Üniversite’de sınıfta öğrencilere soruyorum. Kaç kişi UHT sütü seviyor? Birkaç kişiyi geçmiyor henüz. Bu öğrenciler değil pişirilmiş çiğ sütü, artık pastörize sütü bile sevmiyorlar, itici buluyorlar. Toplumun lezzet anlayışı üzerinde gizli ve güçlü bir savaş yıllardır sürüyor. ABD ve Avrupa’da gıda tekelleri bu savaşı büyük ölçüde kazanmışlardır. Orada tüketiciler patlıcanın tadını bilmez, domatesin tadını bilmez. Süpermarketlerin en geniş bölümü soslar bölümüdür.
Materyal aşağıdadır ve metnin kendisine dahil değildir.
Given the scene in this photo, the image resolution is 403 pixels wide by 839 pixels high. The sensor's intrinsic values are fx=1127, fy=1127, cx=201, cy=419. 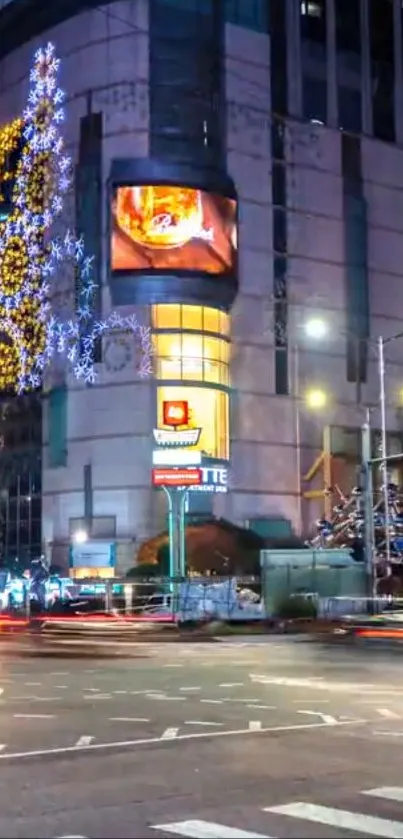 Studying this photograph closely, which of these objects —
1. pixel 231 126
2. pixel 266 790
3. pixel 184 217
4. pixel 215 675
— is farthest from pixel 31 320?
pixel 266 790

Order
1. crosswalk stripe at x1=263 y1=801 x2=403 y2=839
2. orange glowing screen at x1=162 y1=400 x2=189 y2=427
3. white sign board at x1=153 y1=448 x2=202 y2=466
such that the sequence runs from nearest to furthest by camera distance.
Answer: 1. crosswalk stripe at x1=263 y1=801 x2=403 y2=839
2. white sign board at x1=153 y1=448 x2=202 y2=466
3. orange glowing screen at x1=162 y1=400 x2=189 y2=427

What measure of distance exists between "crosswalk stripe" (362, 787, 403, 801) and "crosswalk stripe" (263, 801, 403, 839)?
0.68 m

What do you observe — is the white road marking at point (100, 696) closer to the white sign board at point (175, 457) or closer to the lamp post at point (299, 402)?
the white sign board at point (175, 457)

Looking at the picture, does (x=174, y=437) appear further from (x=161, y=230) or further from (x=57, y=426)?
(x=161, y=230)

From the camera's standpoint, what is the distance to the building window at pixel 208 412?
204 feet

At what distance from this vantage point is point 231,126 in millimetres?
65562

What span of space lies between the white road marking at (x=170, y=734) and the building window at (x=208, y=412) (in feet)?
158

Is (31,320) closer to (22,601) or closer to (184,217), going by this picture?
(184,217)

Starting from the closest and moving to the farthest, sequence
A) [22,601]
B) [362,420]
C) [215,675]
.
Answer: [215,675] < [22,601] < [362,420]

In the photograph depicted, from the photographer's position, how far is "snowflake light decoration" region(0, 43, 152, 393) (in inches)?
2464

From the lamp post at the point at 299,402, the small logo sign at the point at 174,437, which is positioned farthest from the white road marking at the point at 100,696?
the lamp post at the point at 299,402

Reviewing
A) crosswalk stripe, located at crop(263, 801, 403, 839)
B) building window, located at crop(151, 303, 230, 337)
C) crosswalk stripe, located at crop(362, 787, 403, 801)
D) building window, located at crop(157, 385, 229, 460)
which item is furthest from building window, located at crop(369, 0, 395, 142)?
crosswalk stripe, located at crop(263, 801, 403, 839)

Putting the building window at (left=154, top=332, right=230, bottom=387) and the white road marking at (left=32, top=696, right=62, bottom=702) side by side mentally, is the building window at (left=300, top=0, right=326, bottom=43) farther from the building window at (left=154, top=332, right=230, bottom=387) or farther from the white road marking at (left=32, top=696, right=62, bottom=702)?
the white road marking at (left=32, top=696, right=62, bottom=702)

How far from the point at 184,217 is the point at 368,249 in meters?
13.9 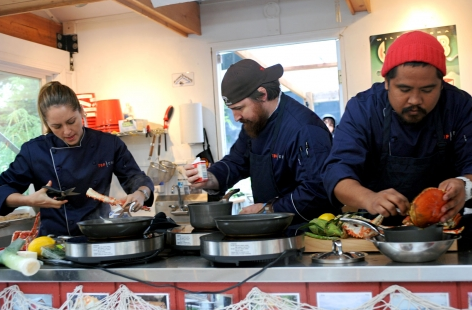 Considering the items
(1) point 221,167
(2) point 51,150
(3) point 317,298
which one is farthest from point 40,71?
(3) point 317,298

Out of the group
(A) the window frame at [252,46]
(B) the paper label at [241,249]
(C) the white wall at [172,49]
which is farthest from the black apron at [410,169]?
(C) the white wall at [172,49]

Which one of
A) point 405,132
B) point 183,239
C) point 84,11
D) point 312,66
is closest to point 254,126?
point 405,132

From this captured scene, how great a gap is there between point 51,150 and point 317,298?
73.0 inches

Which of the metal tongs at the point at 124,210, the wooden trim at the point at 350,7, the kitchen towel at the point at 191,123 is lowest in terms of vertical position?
the metal tongs at the point at 124,210

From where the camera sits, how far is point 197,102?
5.44m

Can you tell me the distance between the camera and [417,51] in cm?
203

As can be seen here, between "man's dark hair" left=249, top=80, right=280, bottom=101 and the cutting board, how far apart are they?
94cm

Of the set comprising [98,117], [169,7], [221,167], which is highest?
[169,7]

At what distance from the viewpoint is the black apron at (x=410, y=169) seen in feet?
7.36

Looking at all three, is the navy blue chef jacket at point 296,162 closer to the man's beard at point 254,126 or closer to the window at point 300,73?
the man's beard at point 254,126

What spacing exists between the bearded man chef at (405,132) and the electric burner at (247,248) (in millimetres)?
381

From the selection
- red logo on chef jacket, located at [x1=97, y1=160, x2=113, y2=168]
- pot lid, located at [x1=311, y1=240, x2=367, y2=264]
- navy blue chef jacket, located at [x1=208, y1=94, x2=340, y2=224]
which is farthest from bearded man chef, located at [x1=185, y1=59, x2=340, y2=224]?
pot lid, located at [x1=311, y1=240, x2=367, y2=264]

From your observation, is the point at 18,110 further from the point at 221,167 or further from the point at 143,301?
the point at 143,301

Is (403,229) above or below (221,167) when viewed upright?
below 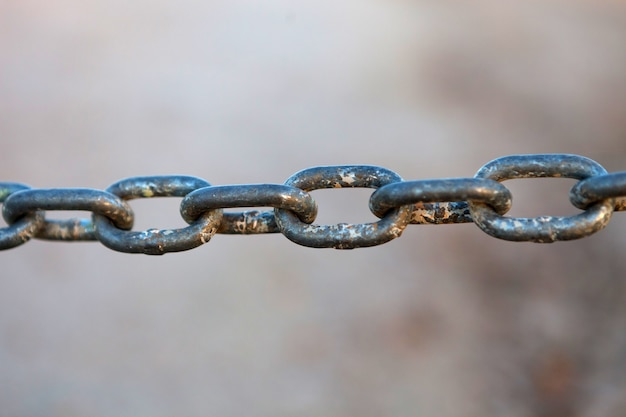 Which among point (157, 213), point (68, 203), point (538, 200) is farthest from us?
point (538, 200)

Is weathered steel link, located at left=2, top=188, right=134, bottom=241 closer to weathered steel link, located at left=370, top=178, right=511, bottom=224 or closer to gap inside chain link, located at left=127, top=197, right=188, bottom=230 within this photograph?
weathered steel link, located at left=370, top=178, right=511, bottom=224

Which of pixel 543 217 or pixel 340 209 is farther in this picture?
pixel 340 209

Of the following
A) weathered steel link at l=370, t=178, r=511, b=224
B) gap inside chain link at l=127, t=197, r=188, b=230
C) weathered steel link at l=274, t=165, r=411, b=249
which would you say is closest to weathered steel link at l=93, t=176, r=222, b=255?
weathered steel link at l=274, t=165, r=411, b=249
Bu yenilmez gıdaları yenilir hale getirmek, ancak kendileri de ayrı problem olan soslarla olur.
Okul sütü programında ısrarla sadece UHT sütün belirlenmiş olması, süt ve mamulleri alanında artık bir tekel ittifakı oluşturmuş olan şirketler için çok önemli bir başarı oldu. Bunun için yıllardır bazı güçler propaganda yaptılar. Çiğ süte sokak sütü gibi aşağılayıcı bir isim taktılar. Çiğ sütteki bakterileri saydılar. Sanki millet pişirmeden lıkır lıkır bunu içiyormuş gibi. Fabrikaları için satın aldıkları süt de aslında aynısı. Şimdi, çocuklar okullarda altı sene bu benim şahsen ağzıma koymadığım, lezzetsiz ve değeri düşük sütü içerse artık başka bir sütü içemez hale geleceklerdir. Sonuç milyonlarca ürün bağımlısı olmuş yeni müşteriler. Hadi diyelim ki her yere pastörize süt ulaştıramıyorsunuz. Büyük şehirlerde pastörize süt dağıtılamaz mıydı? Avrupa ülkelerine giden bilir, orada pastörize süt yaygındır. Ayrıca köylere süt ulaştırmak gibi bir problem size ters gelmiyor mu? “Süt” ve “köy” sözcüklerinin birbirlerinden bu kadar uzak olması katlanabilir bir durum olmaması gerekir. “opera” ve “köy” değil sözcüklerimiz. Birçok köyümüze UHT süt ulaştırmak için uğraşmak yerine süt çiğ olarak köyden alınabilir ve pişirilerek öğrencilere verilebilir ve kimse de hasta olmaz bence.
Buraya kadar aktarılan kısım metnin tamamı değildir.